HOW TO COMPLETE THIS TASK: The required answer is an exact copy of the lines from the one containing "Die amerikanische Reeducation-Politik" to the end of the listing, both included, without any pictures.

DATA:

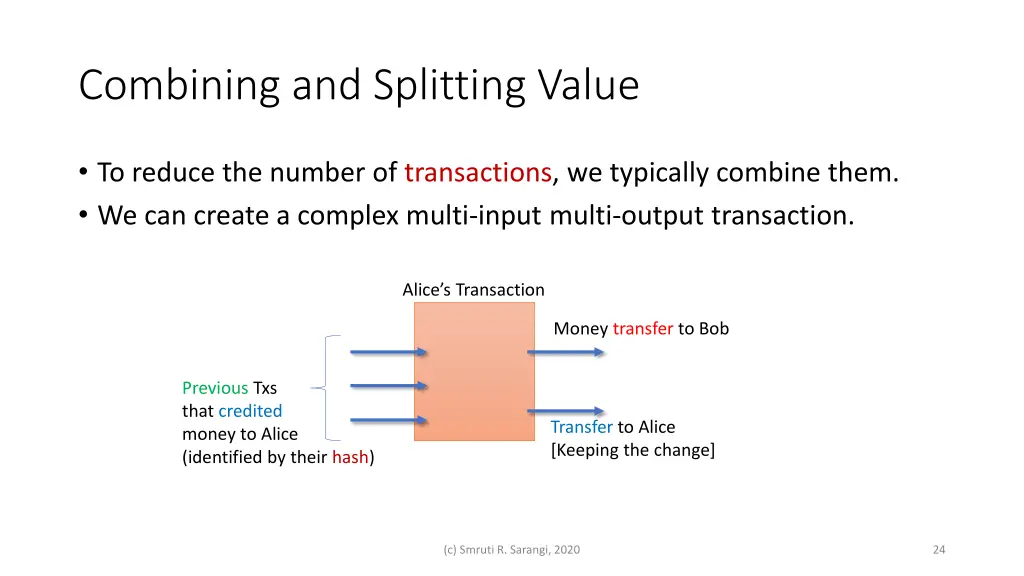 combining and splitting value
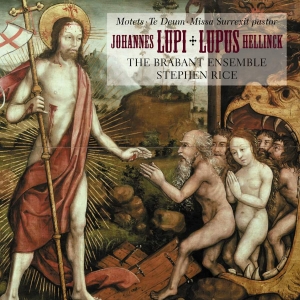 Hellinck Lupus Lupi Johannes - Missa Surrexit Pastor Lupi: Te Deu in the group CD / Upcoming releases / Classical at Bengans Skivbutik AB (3720495)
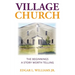 Village Church: The Beginnings: A Story Worth Telling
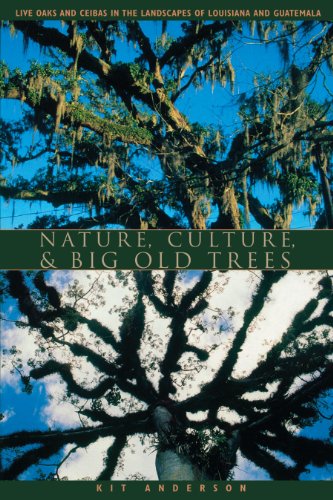 Nature, Culture, and Big Old Trees Live Oaks and Ceibas in the Landscapes of Lo [Paperback]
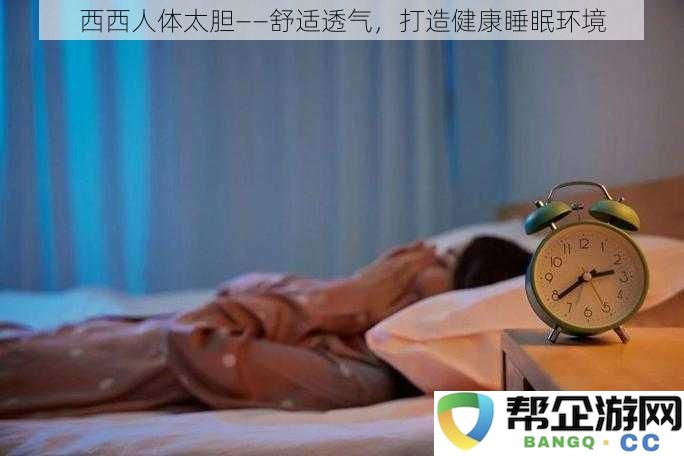 西西人体太极致——舒适透气，营造理想健康睡眠氛围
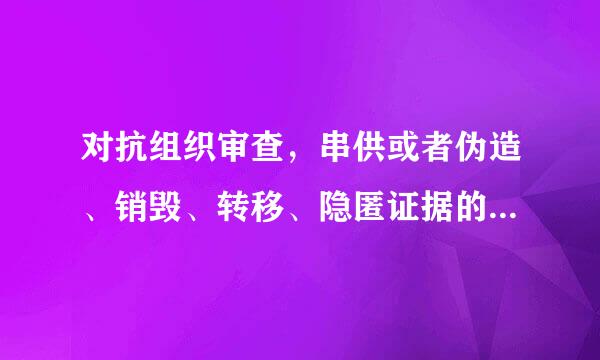 对抗组织审查，串供或者伪造、销毁、转移、隐匿证据的，情节严重的，给予（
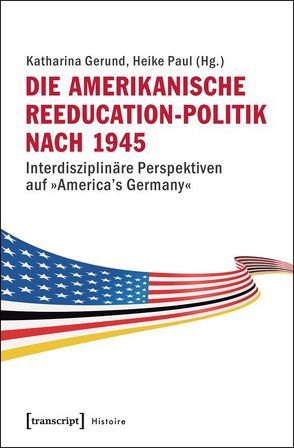 Die amerikanische Reeducation-Politik nach 1945 von Fluck,  Winfried, Gerund,  Katharina, Paul,  Heike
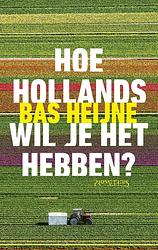 Foto van Hoe hollands wil je het hebben? - bas heijne - ebook (9789044637946)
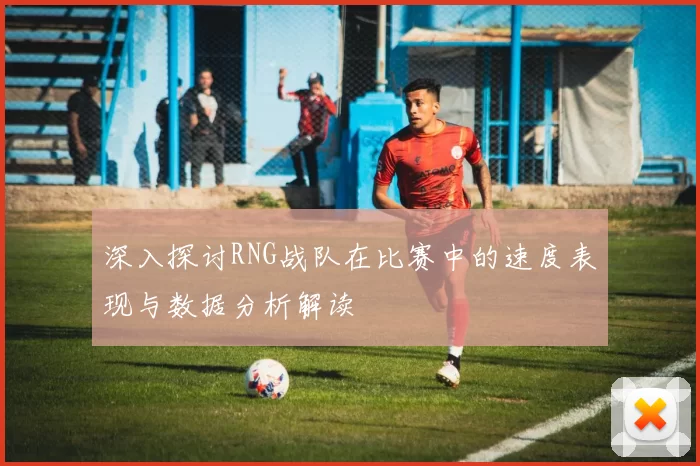 深入探讨RNG战队在比赛中的速度表现与数据分析解读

ANSWER TO THE PROBLEM:
 Die amerikanische Reeducation-Politik nach 1945 von Fluck,  Winfried, Gerund,  Katharina, Paul,  Heike
 Foto van Hoe hollands wil je het hebben? - bas heijne - ebook (9789044637946)
 深入探讨RNG战队在比赛中的速度表现与数据分析解读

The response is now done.